Every line from the one with "Orchidaceae" to the end of the listing below must be printed exactly, with no other text and no pictures.

### Dataset records

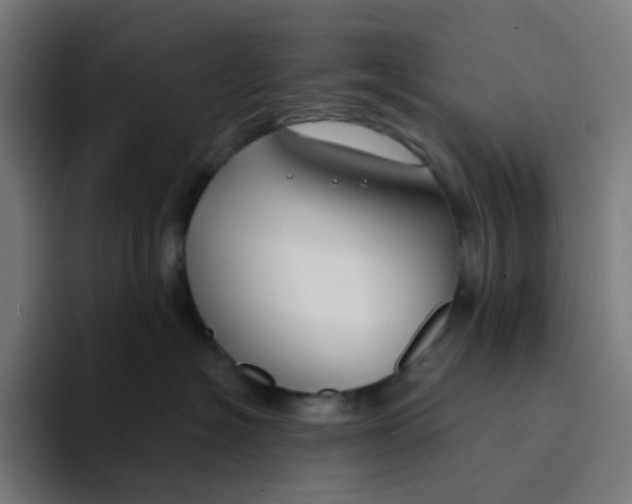 X0000094170574200711161710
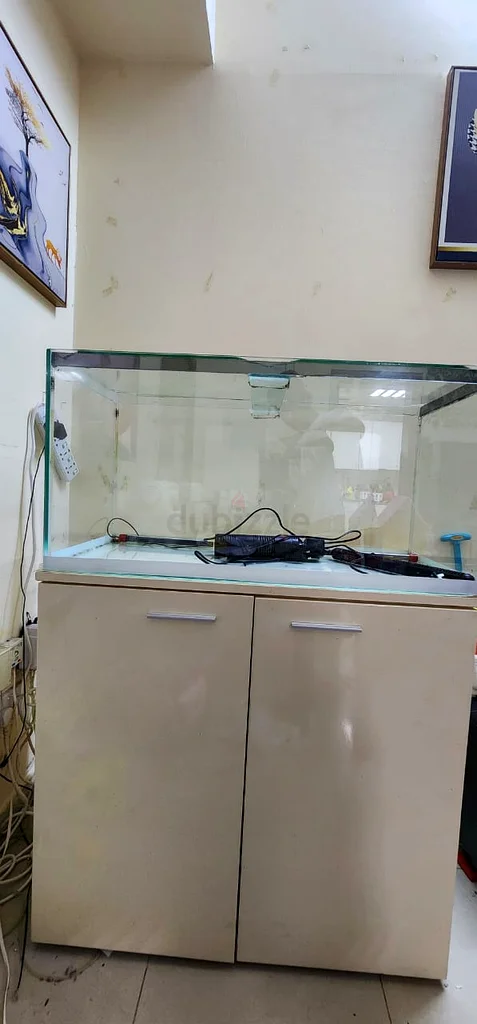 90x40x45cm Aquarium for Urgent Sale63205893632898111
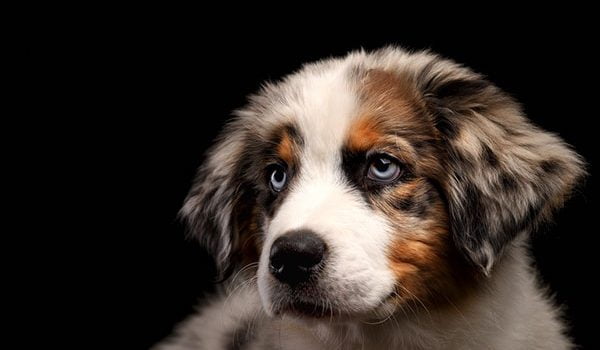 chiot berger australien de 4 mois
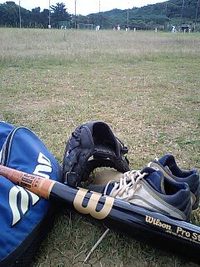 野球場もキレイにします！ 2009/02/14 19:27:17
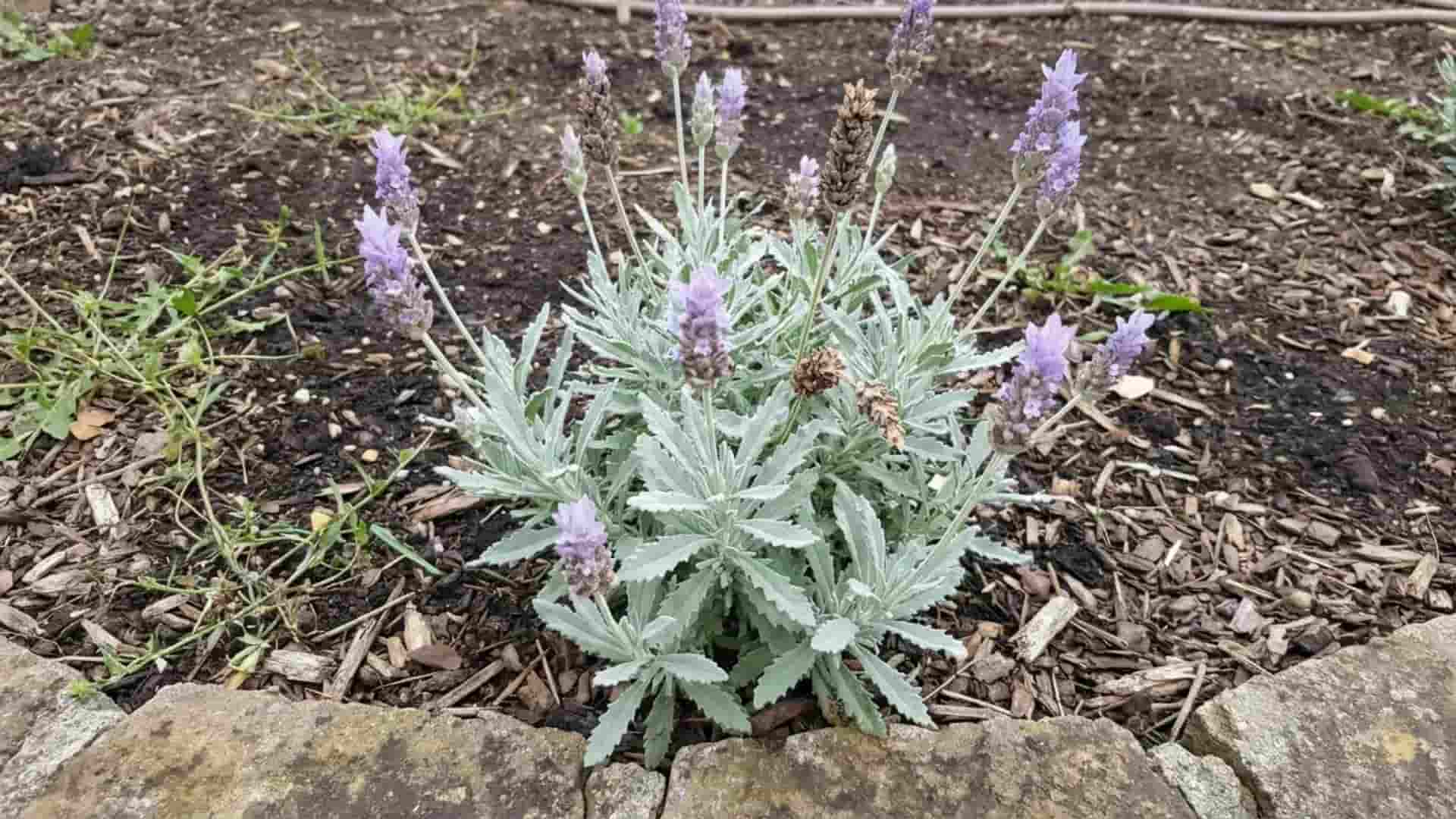 goodwin creek grey lavender broader silver toned leaves with soft purple spikes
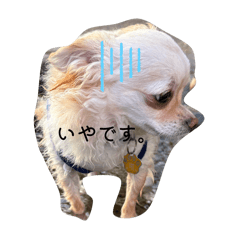 sachi_20250930105156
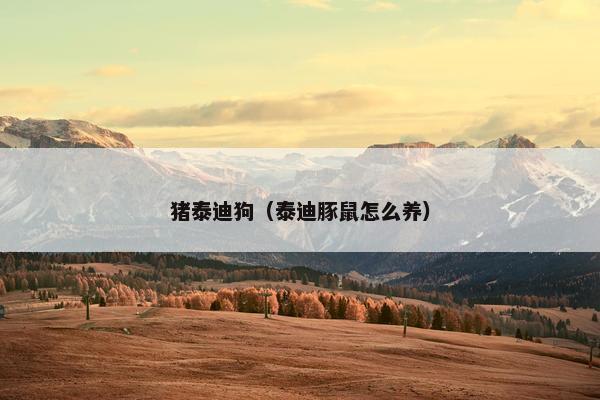 猪泰迪狗（泰迪豚鼠怎么养）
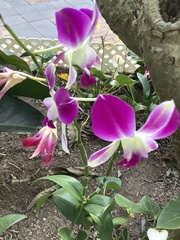 Orchidaceae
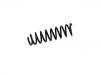 Coil Spring:55350-A6260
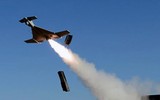 Việt Nam có nên mua sát thủ UAV cảm tử hủy diệt địch của Israel?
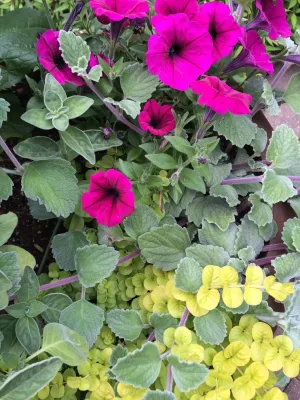 The Outdoor Room, LLC - Garden Remodeling in Walnutport, PA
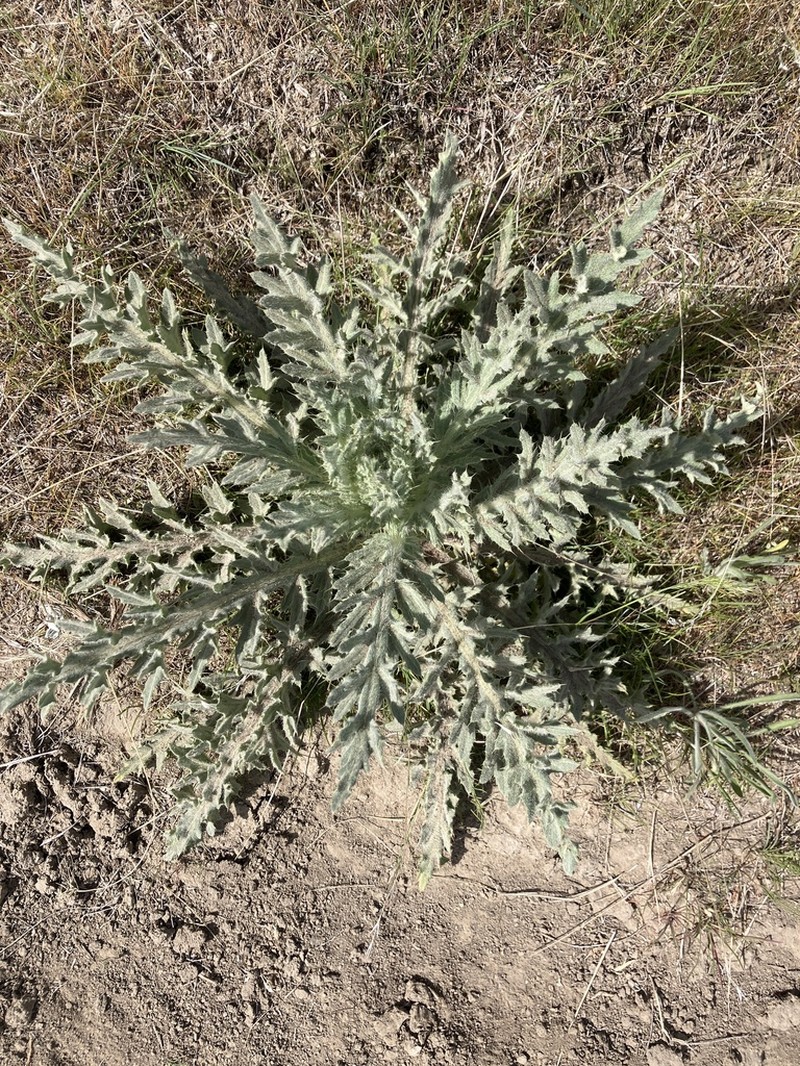 Peregrine Thistle photo 6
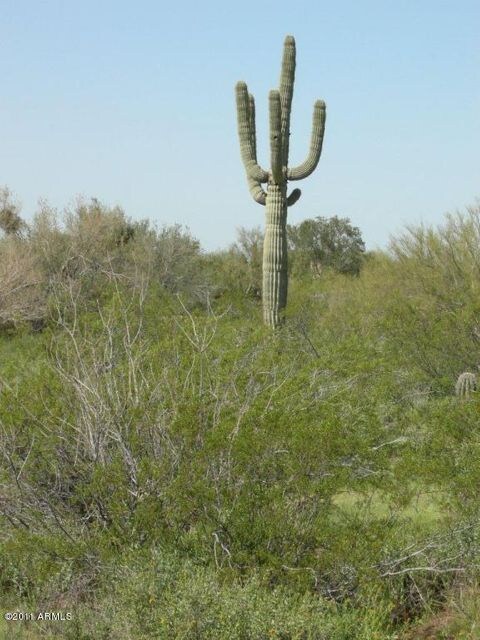 Nice lot with high desert vegetation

######

Response below:
 Orchidaceae
 Coil Spring:55350-A6260
 Việt Nam có nên mua sát thủ UAV cảm tử hủy diệt địch của Israel?
 The Outdoor Room, LLC - Garden Remodeling in Walnutport, PA
 Peregrine Thistle photo 6
 Nice lot with high desert vegetation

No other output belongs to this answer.